Unlike the auto industry program, trade-ins are not federally mandated under the “Cash for Appliances” effort, although the DOE is encouraging states to incorporate recycling into their programs in an effort to rid the energy grid of old “clunker” appliances.
But the biggest — and most problematic — difference is SEEARP's state-level implementation, which has resulted in a nationwide patchwork of rules, stipulations and start dates, and an administrative challenge for manufacturers and national and multiregional chains.
For example, several states are limiting their programs to low-income or rural applicants, while others are restricting their rebates to heating and cooling appliances. And many states, such as California and Ohio, require recycling of “clunker” appliances, and others like Florida and Illinois will provide an additional rebate for consumers who dispose of their old appliances in a responsible manner.
To help consumers navigate the maze of varying requirements, dealers are bringing sales associates up to speed on their respective state's plans, and both retailers and vendors have created dedicated Web sites, such as Sears.com/energystar, that provide program details, tracking tools and links to DOE's informational site, www.energysavers.gov/rebates.
“We're energized by the 'Cash for Appliances' rebate program and its ability to introduce many more of our shoppers to Energy Star,” said Doug Moore, president of home appliances for Sears. “With so much discussion around the program and various rebates available, the Sears Blue Appliance Crew is there to make it easier for customers to go green affordably, so that our shoppers can find, file and often receive their rebates before they leave the store.”
Specifically, Sears' sales associates and Web site will:
send email notifications to registered customers when state programs go “live”;
offer details on the individual state rebate programs, including when and how much will be available, and any guidelines that may apply; and
assist consumers with the responsible removal and disposal of their old appliances, as needed.
Similarly, Bosch, the premium majap manufacturer, has created a Bosch Rebate Resource Center site at www.boschappliancerebates.com.
“The state rebate programs will give an incredible boost to American consumers and the appliance industry by putting appliance rebates into the national conversation,” said John Farley, the company's senior brand and environmental marketing manager.
“The Bosch Rebate Resource Center was created to help consumers year-round, including people who need to replace their appliances now and can't wait until the new state rebates take effect; consumers who want the best possible deal during their state's program; and consumers who enter the market long after their state's program is over,” he said.

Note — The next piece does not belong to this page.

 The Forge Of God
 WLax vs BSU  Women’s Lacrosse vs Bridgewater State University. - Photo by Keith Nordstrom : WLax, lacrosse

The Energy Department is expected to approve SEEARP plans submitted by all 56 U.S. states and territories, with the first major marketing campaign likely to launch by Presidents Day weekend.
Consumers will be able to receive existent Energy Star rebates in addition to the Cash for Appliance subsidies.
States receiving the most majap stimulus funding include California ($35.3 million), New York ($18.7 million) and Florida ($17.6 million).